**Excerpted data**
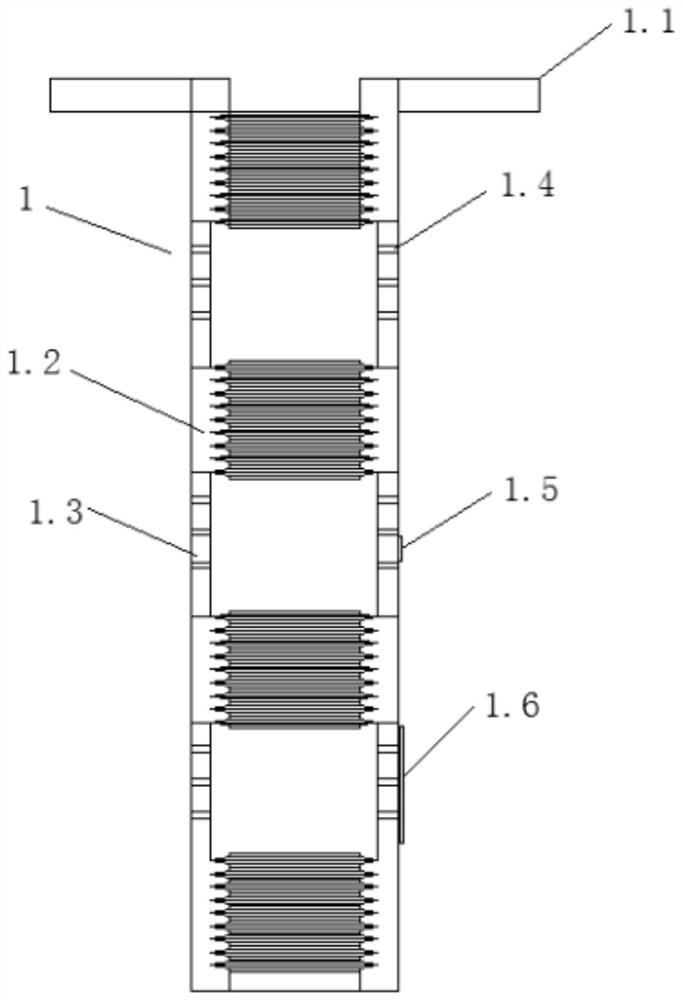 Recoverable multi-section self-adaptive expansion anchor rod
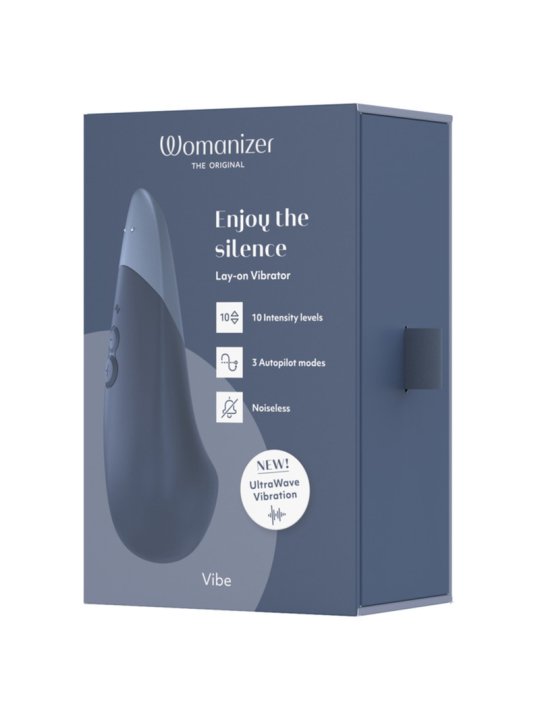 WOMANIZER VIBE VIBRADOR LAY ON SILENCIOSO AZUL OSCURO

---

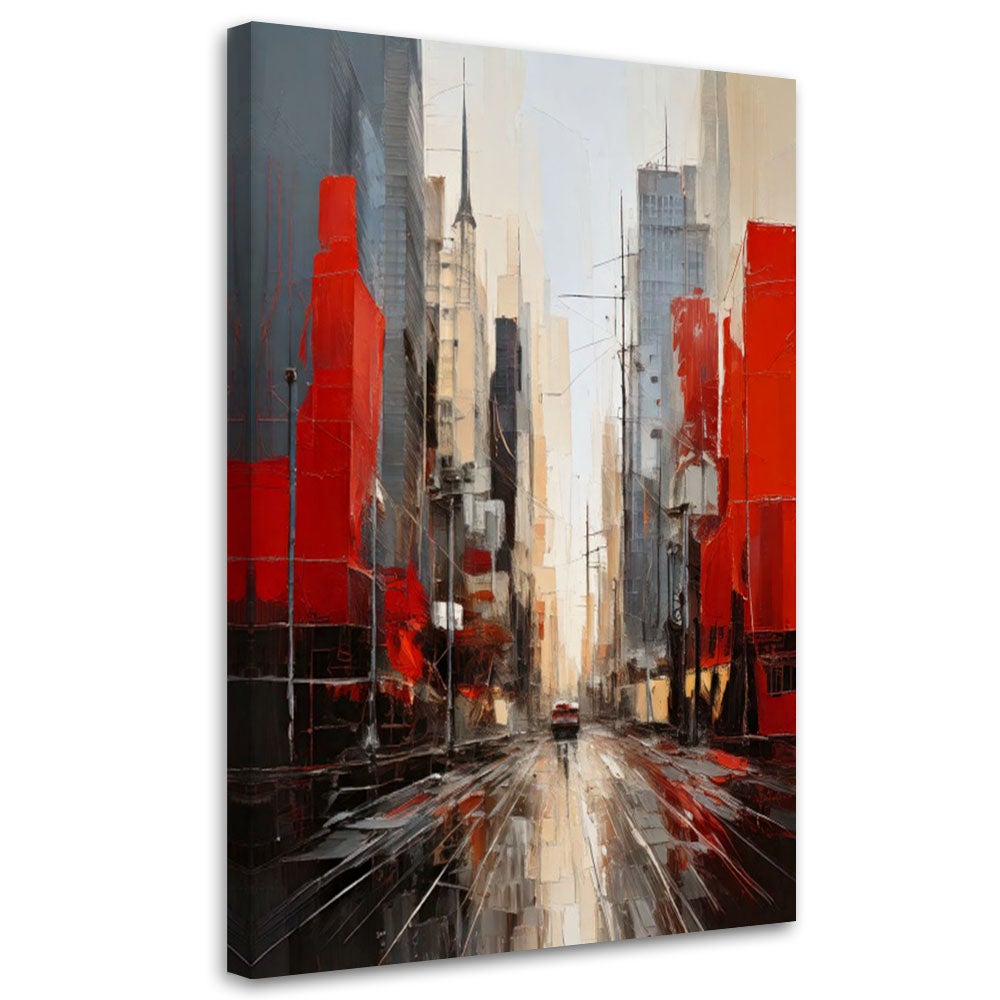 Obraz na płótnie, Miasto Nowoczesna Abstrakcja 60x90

**Work request**
Every line from the one with "Recoverable multi-section self-adaptive" through the one with "WOMANIZER VIBE VIBRADOR" is to be reproduced exactly as written above, and the pictures are to be dropped.

**Your response**
 Recoverable multi-section self-adaptive expansion anchor rod
 WOMANIZER VIBE VIBRADOR LAY ON SILENCIOSO AZUL OSCURO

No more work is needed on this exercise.